Me detengo en mi propia obra y la reviso con la mirada de quien busca una clave oculta. Descubro que siempre vuelvo a las mismas obsesiones. La infancia, la memoria, la nostalgia. Y cada imagen que creí nueva resulta ser solo otra forma de decir lo que ya había dicho antes.
Puedo recordar el primer poema que escribí. Tenía doce años y hablaba de la mar de siente colores. No sabía entonces que pasaría el resto de mi vida escribiendo sobre él. No siempre de manera evidente, pero su sombra ha estado en cada verso, en cada texto, en cada intento de nombrar el mundo.
Porque, ¿qué es escribir sino intentar capturar lo imposible?
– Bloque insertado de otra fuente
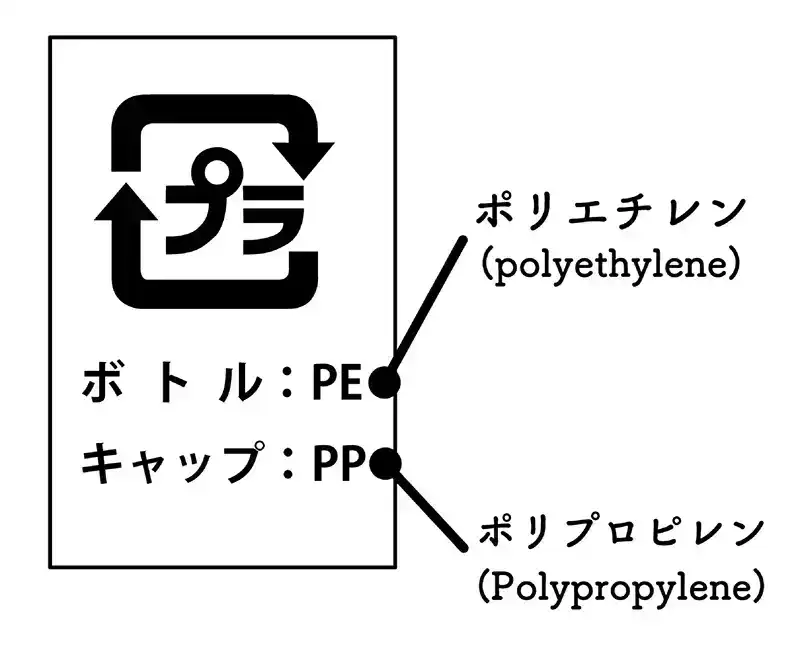 ポリ袋などに見られるプラマーク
La poesía no es más que la búsqueda de un centro, de una imagen que se escapa y a la que volvemos una y otra vez. No importa cuánto creamos haber avanzado: en el último poema nos espera el primero.
Entonces, si todo poeta escribe un solo poema, ¿qué significa concluir un libro? ¿Es el final de algo o la continuación de lo mismo con otro nombre?
He publicado varios libros, pero a veces siento que no he escrito ninguno. O que he escrito solo uno, con títulos diferentes. Alguien podría leerlos en desorden y encontraría en todo el mismo temblor, la misma respiración, la misma imagen que se repite con insistencia.
Tal vez por eso la poesía es inagotable. No porque se renueve sin cesar, sino porque nunca se termina de escribir. Es el poema interminable, el que no encuentra su punto final.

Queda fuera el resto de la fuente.